Referring to FIG. 4, the escape case 30 has a plurality pairs of retaining rollers 33 which have a curved periphery to clamp the cylindrical sliding rail 33 without moving away. The bottom side of the escape case 30 has buffer members 36 for damping purpose. In the drawings, the buffer members 36 are springs. The escape case 30 is hollow and has an entrance/exit opening 31 directing to the escape door 11. The bottom edge of the entrance/exit opening 31 is extended to form an extension board 32. Referring to FIG. 5, the escape case 30 further has at least two brake devices 34 and 35 each has a pivotal clamp member 341 and 351 facing one side of the sliding rail 23. The clamp member 341 and 351 have respectively an outer end attached to a braking pad 342 and 352 to clamp the sliding rail 23, and an inner end bridged by an elastic member 343 and 353 to keep the braking pads 342 and 352 compressing the sliding rail 23 constantly. When the inner end of the clamp member 341 is subjected to a clamping force, the outer end may be extended to make the braking pad 342 moving away from the sliding rail 23 to release the compression. One inner end of the clamp member 351 of one brake device 35 has a brake line 354 which is connected to a pedal 355. When the pedal 355 is stepped and depressed, the outer ends of the clamp member 351 are extended to release the braking pad 352 from compressing the sliding rail 23.

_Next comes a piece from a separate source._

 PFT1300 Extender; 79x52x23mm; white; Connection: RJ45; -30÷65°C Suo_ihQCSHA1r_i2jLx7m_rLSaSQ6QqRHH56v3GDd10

Referring to FIG. 6, when in use, people on each floor of the building 10 may enter the escape case 30 through the escape door 11 and the extension board 32. Once entered the escape case, user can use hands to extend the outer ends of the brake device 34 and use one foot to step the pedal 355 of another brake device 35 to extend the outer ends of the clamp member 351 so that the two braking pads 342 and 352 of the brake devices 34 and 35 are no longer compressing the sliding rail 23, and the escape case 30 may slide downwards. During descending, user can control the sliding speed of the escape case 30 through the brake devices 34 and 35. When the escape case 30 drops to the ground floor, the buffer members 36 provide a damping and shock absorbing effect to prevent the user from injury. Meanwhile, another escape case 30 is pulled by the rope 22 and lifted upwards to enable another user to escape rapidly.

Claims

1. A tall building escape apparatus, comprising:

two hanging racks located on a top floor of a building fastening respectively to pulleys, the pulleys of the two hanging racks being wound by a rope, the rope having two ends each fastening to an escape case; and

two sliding rails located on one side of the building corresponding to the hanging racks and extended from the ground floor to a front side of the hanging racks;

wherein the escape case has retaining rollers to clamp the sliding rails, buffer members on the bottom side thereof, an entrance/exit opening on one side, and brake devices; the brake devices having clamp members pivotally located on one side of the sliding rail that have outer sides attached to braking pads to clamp the sliding rails and inner sides bridged by elastic members.

2. The tall building escape apparatus of claim 1, wherein the clamp member has a brake line located on an inner side to connect to a pedal.

3. The tall building escape apparatus of claim 1, wherein the sliding rails are cylindrical rods, and the retaining rollers have a curved periphery corresponding to the sliding rails.

4. The tall building escape apparatus of claim 1, wherein the entrance/exit opening has a bottom edge extending to form an extension board directing to an escape exit of the building.